Right. If the source didn't go away, it would be a copy. We can do copy
detection, but it is not quite as obvious what a merge should do with a
copy (apply the change to the original? To the copy? In both places? You
would really want hunk-level copy detection for it to make any sense).

Usually git deals with this double-rename case through the use of
"break" or "rewrite" detection. We notice that the old "foo.txt" and the
new "foo.txt" do not look very much like each other, and break the
modification apart into an add and a delete. That makes each side
eligible for rename detection, and we can end up finding the pairs of
renames above.

So in theory it just as simple as a one-liner to turn on break-detection
in merge-recursive. Sadly, that only reveals more issues with how
merge-recursive handles renames. See this thread, which has pointers to
the breakages at the end:

  http://thread.gmane.org/gmane.comp.version-control.git/169944

I've become convinced that the best way forward with merge-recursive is
to scrap and rewrite it. It tries to do things in a muddled order, which
makes it very brittle to changes like this. I think it needs to have an
internal representation of the tree that can represent all of the
conflicts, and then follow a few simple phases:

  1. "structural" 3-way merge handling renames, breaks, typechanges,
     etc. Each path in tree might show things like D/F conflicts, or it
     might show content-level merges that still need to happen, even if
     the content from those merges is not coming from the same paths in
     the source trees.

  2. Resolve content-level 3-way merges at each path.

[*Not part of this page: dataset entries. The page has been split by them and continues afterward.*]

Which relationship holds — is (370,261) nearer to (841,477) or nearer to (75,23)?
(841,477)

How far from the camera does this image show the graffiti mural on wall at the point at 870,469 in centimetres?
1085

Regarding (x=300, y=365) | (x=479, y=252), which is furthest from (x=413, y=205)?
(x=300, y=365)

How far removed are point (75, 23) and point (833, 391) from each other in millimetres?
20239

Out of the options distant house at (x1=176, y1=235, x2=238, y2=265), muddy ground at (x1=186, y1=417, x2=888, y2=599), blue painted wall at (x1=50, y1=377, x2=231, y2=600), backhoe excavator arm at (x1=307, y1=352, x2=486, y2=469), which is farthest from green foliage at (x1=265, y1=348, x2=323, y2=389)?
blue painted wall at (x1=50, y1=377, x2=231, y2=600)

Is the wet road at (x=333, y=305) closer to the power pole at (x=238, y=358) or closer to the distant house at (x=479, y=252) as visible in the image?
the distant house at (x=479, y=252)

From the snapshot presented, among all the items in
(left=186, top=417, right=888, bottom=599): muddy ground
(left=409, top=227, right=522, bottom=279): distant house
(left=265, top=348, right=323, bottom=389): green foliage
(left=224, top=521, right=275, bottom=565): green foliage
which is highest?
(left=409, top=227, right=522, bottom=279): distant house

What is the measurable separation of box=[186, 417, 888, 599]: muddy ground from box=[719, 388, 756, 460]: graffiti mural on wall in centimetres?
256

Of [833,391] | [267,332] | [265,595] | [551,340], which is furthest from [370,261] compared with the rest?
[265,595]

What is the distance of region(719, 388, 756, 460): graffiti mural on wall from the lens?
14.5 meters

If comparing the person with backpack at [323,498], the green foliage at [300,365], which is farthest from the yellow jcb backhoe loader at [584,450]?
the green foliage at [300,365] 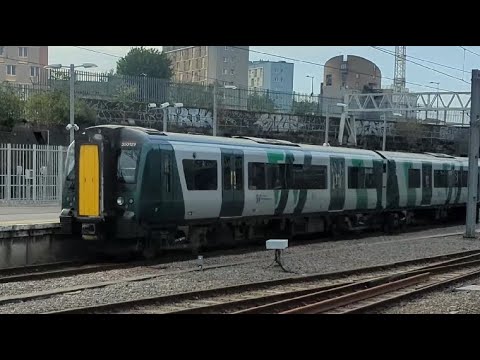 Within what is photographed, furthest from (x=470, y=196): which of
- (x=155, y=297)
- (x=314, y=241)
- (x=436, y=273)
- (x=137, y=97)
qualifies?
(x=137, y=97)

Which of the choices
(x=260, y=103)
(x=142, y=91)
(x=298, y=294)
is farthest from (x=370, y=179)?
(x=260, y=103)

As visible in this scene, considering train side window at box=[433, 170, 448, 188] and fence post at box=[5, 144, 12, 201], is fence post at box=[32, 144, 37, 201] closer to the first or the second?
fence post at box=[5, 144, 12, 201]

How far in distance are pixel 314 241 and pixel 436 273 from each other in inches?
278

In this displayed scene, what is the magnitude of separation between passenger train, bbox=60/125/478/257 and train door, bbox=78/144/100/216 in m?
0.02

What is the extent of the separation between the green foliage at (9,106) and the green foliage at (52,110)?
0.80m

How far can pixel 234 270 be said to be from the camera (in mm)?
13562

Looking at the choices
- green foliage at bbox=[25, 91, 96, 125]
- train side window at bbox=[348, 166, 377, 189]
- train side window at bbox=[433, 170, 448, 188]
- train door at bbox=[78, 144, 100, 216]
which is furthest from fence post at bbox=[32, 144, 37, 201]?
green foliage at bbox=[25, 91, 96, 125]

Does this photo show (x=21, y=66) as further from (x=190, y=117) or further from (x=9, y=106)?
(x=9, y=106)

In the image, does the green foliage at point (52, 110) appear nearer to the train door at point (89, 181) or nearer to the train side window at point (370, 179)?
the train side window at point (370, 179)

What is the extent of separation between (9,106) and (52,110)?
118 inches

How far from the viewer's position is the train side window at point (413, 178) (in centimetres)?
2595

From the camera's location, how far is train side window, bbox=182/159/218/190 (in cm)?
1556

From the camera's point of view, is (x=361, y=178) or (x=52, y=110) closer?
(x=361, y=178)

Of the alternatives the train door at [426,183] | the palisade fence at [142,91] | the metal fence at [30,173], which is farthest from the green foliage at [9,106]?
the train door at [426,183]
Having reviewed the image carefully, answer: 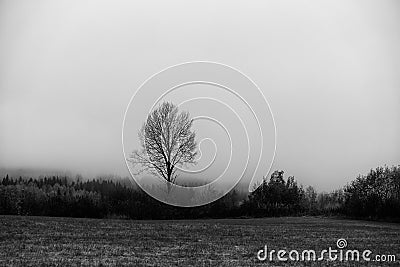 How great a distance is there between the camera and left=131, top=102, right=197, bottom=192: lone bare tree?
49781 millimetres

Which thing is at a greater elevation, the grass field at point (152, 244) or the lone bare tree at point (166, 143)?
the lone bare tree at point (166, 143)

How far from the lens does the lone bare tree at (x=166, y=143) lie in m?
49.8

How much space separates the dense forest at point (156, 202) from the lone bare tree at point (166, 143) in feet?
14.3

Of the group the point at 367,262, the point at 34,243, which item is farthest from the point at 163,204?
the point at 367,262

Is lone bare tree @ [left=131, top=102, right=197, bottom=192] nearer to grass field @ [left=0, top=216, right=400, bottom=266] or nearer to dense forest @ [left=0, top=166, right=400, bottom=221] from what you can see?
dense forest @ [left=0, top=166, right=400, bottom=221]

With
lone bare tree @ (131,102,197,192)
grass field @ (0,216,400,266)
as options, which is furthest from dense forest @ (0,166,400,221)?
grass field @ (0,216,400,266)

  3. Compare the proposed tree to the working tree and list any problems
     (e.g., untracked files or local modifications that will be
     overwritten).

Right now it tries to do these things interleaved as it processes paths,
and as a result we've had many bugs (e.g., the content-level merge
conflating the content originally at a path and something that was
renamed into place, and missing corner cases where we actually overwrite
untracked files that should be considered precious).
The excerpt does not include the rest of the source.